The Housing & Urban Development (H&UD) Department of Odisha has issued a comprehensive Standard Operating Procedure (SOP) for all Urban Local Bodies (ULBs) to combat the escalating heatwave conditions across urban areas.
The directive comes amid abnormally rising summer temperatures, exacerbated by erratic rainfall patterns and urban heat island effects from extensive building and road surfaces absorbing solar heat.
The SOP mandates immediate and proactive measures to ensure public health, water security, and environmental management in cities and towns.
Key directives include:
- Ensuring uninterrupted drinking water supply through well-maintained pipelines, with complaints resolved within 24 hours.
- Deploying water tankers (including hired ones if needed) to scarcity pockets for emergency relief.
- Keeping tube wells and hand pumps fully operational with ready spare parts.
- Establishing and managing control rooms in PHEO/WATCO and city offices to handle water-related grievances, while monitoring IMD heatwave warnings and coordinating with IMD/State EOC as required.
ULBs are instructed to expand the number of Paniya Jal Bitaran Kendra (drinking water kiosks) at strategic public locations such as roadsides, crossroads, bus stands, railway stations, marketplaces, and offices.
These should be operated through Mission Shakti SHGs, federations, or NGOs, ensuring potable water quality, daily water changes, proper sanitation, and use of long-handle dispensers. Agencies setting up kiosks only for publicity and abandoning them later will face strict action.
Additional measures focus on pollution and dust control:
- Strict prohibition on open burning of municipal solid waste, garden/tree residues.
- Awareness campaigns encouraging households to place and regularly change water pots for stray birds and animals.
- Prompt clearance of construction and demolition (C&D) waste from roadsides.
- Mandating construction sites and households to cover areas, sprinkle water to suppress dust, and dispose of materials safely—non-compliance will attract penalties.
- Requiring vehicles carrying sand, bricks, cement, or garbage to be fully covered with tarpaulin and adhere to speed limits.
- Maintaining roadside earthen layers below metal road levels to prevent dust spillover.
- Banning the use of coal or coal briquettes in urban roadside hotels and eateries to curb fly ash dust pollution contributing to the temperature rise.
The SOP also calls for rejuvenation and pollution-free restoration of urban water bodies to enhance public access and cooling effects.

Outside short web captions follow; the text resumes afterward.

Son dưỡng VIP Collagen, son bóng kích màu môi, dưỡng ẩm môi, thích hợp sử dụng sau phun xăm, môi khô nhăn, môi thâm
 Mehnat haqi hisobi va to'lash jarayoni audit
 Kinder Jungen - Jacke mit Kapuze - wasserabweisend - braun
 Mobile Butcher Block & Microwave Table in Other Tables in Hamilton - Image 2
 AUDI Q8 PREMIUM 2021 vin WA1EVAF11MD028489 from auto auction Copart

All relevant Environmental Acts, Rules, and National Green Tribunal (NGT) guidelines must be enforced rigorously, with coordination from police, forest, Odisha Pollution Control Board (OPCB), and other authorities.
This proactive step aims to mitigate urban heat stress, prevent heat-related illnesses, and build resilience in Odisha’s cities amid forecasts of intensified summer conditions.